GIVEN MATERIAL:
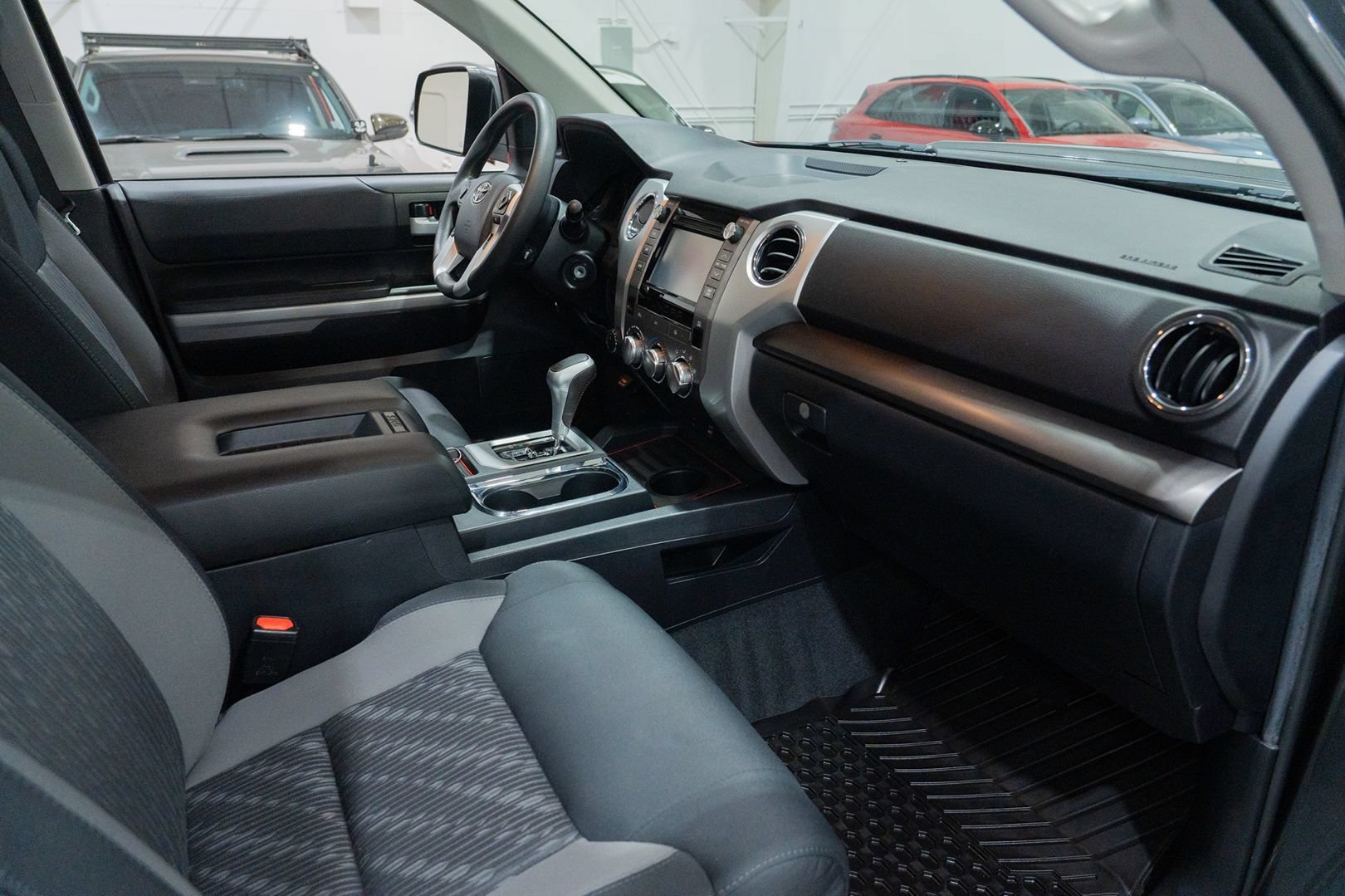 Used 2019 Toyota Tundra SR5 AWD/4WD image 33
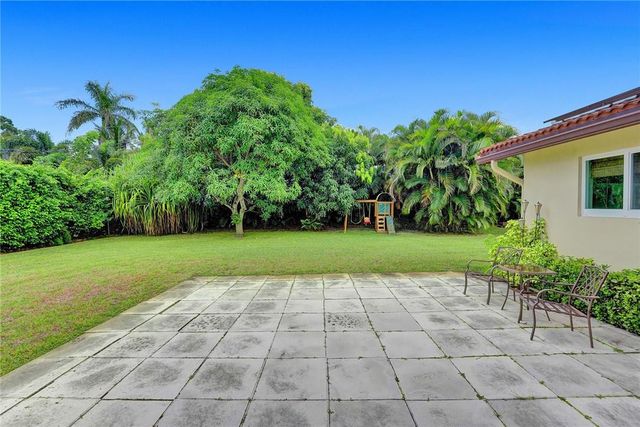 5760 SW 7th Street, Plantation, FL 33317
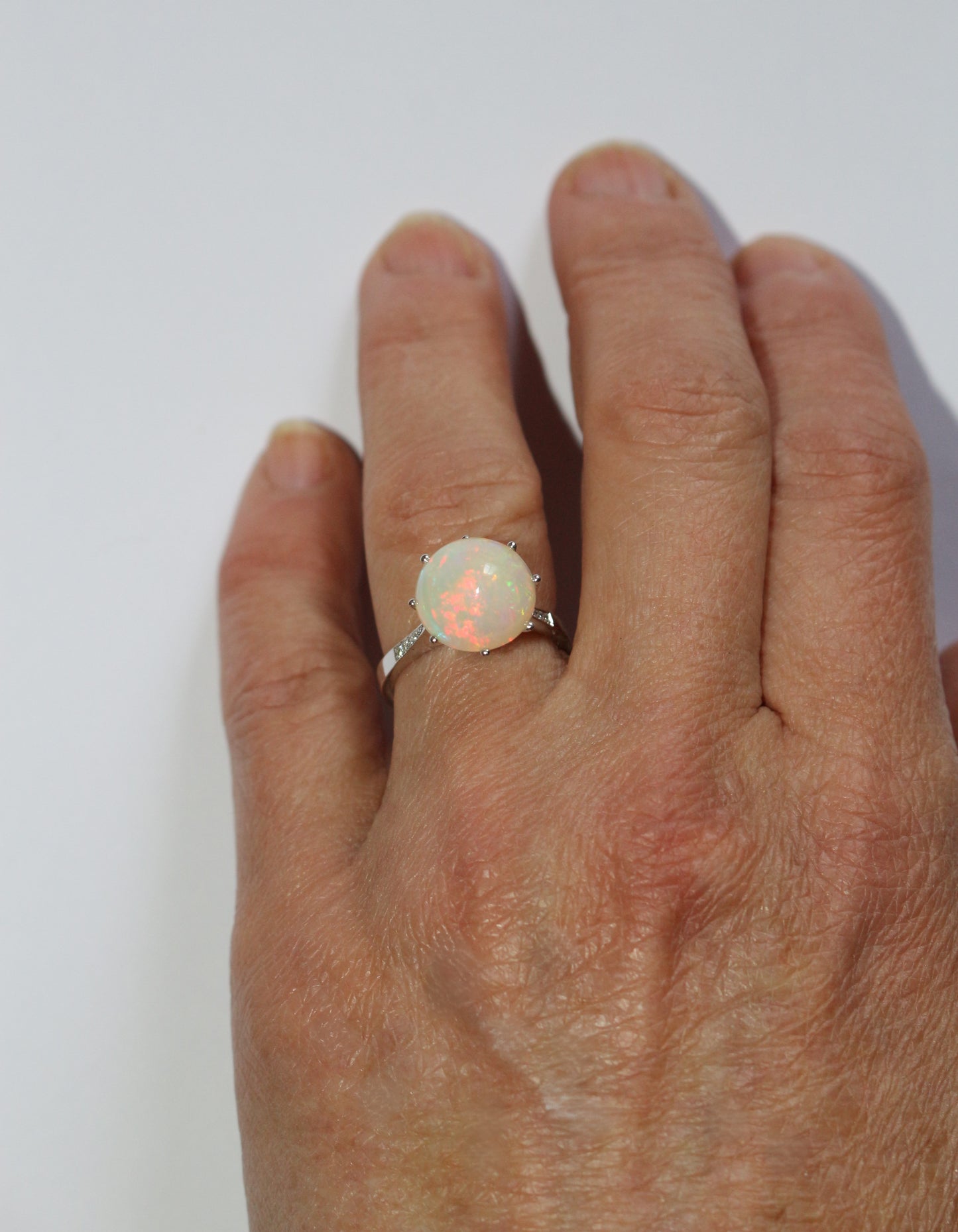 Bague or blanc Opale et diamants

YOUR GOAL:
When you repeat the data, keep every line exact and drop the images.

OUTPUT FOR THIS EXERCISE:
 Used 2019 Toyota Tundra SR5 AWD/4WD image 33
 5760 SW 7th Street, Plantation, FL 33317
 Bague or blanc Opale et diamants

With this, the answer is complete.